# In Depth Comparison/Review: Neewer VK750II vs. Nikon SB700



## Braineack

Since getting the YN622TX controller and YN622 TTL triggers I decided I wanted a second TTL flash so I could control both when shooting with my flashes.  Since I've had good luck with my YN560II I was going to go with a YN565EX.

I heard about this Neewer VK750II for $53 on amazon and figured, "what the hey!"

It gets good reviews, can do TTL and HSS, and has a PC sync port and  a power port, something the SB700 nor the YN565EX have.

Out of the box it seems well built, VERY easy to use, and seems to work well with my D600.
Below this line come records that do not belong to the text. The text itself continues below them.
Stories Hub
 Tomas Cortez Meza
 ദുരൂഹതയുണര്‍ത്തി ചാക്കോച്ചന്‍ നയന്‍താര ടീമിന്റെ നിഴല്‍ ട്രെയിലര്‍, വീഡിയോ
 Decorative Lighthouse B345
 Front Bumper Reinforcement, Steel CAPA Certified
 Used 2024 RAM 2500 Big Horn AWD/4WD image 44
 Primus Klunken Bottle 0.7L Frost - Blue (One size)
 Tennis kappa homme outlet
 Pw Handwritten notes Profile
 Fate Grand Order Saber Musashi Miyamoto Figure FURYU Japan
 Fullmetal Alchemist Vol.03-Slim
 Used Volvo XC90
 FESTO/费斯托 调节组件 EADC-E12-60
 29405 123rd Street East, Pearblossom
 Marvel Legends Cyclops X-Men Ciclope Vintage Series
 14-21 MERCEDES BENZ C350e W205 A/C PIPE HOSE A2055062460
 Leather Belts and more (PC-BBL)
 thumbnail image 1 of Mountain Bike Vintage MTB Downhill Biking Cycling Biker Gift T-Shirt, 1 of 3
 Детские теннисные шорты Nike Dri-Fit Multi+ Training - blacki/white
I can get into more specifics later, but I decided to put it up against my SB700 in various situations to see how it could handle TTL tasks.  So let's dive in:
































One thing I noticed right away is that the VK750 seems slight brighter.  It also it fills the frame more evenly--it you look, the center of the SB700 is high in the frame, the VK750 hits much closer to the center.  Lastly it relies on the D600 to do the WB, so when using the SB700 it was pulling the tint +4-5 to the green side--I do not like that--you can see the tint is off, that's a gray BG.

Now to try TTL against the gray wall:






Nikon brighter this time, but again, the green tint.

Now i wanted to see how it could handle TTL white three different colored subjects on my gray background:
















I think the Neewer won here, it overexposed the black cat, but that's how TTL is supposed to work.


Now bounced:






Pretty much a wash here.  Nikon seems more even throughout, I'll have to test bounce more.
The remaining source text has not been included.